Data>
______________________________
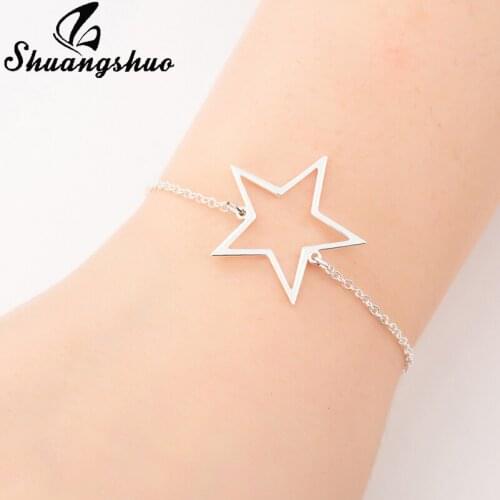 Shuangshuo Stainless Steel Bracelets For Women Lucky Star Charm Adjustable Bracelet Fashion femme Jewelry Pulseira Feminina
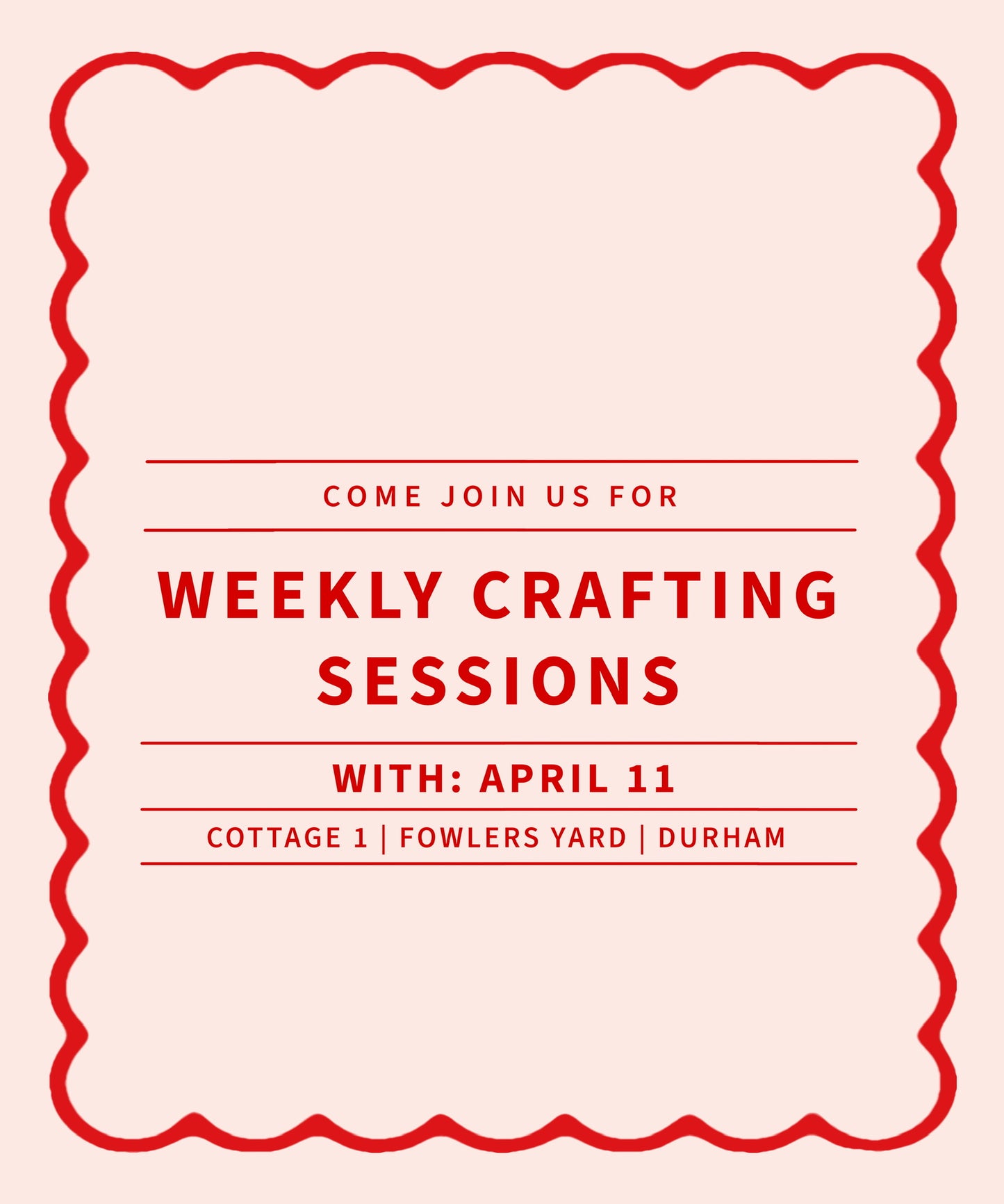 Weekly Crafting Session - Bring Your Own Project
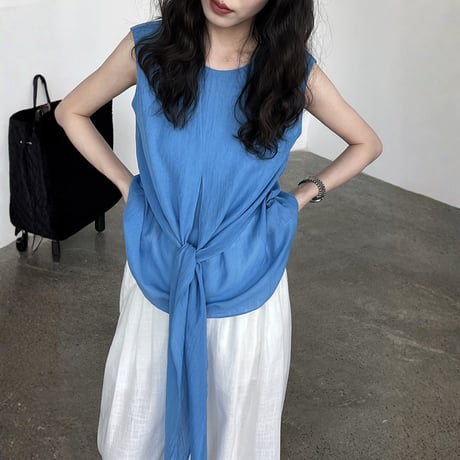 sheer waist ribbon sleeveless blouse　MA1983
______________________________
Assigned task>
Quote, please, only the lines running from the one with "Weekly Crafting Session" down to the final line of the data above, keeping both ends and skipping the pictures.

Answer to this task>
 Weekly Crafting Session - Bring Your Own Project
 sheer waist ribbon sleeveless blouse　MA1983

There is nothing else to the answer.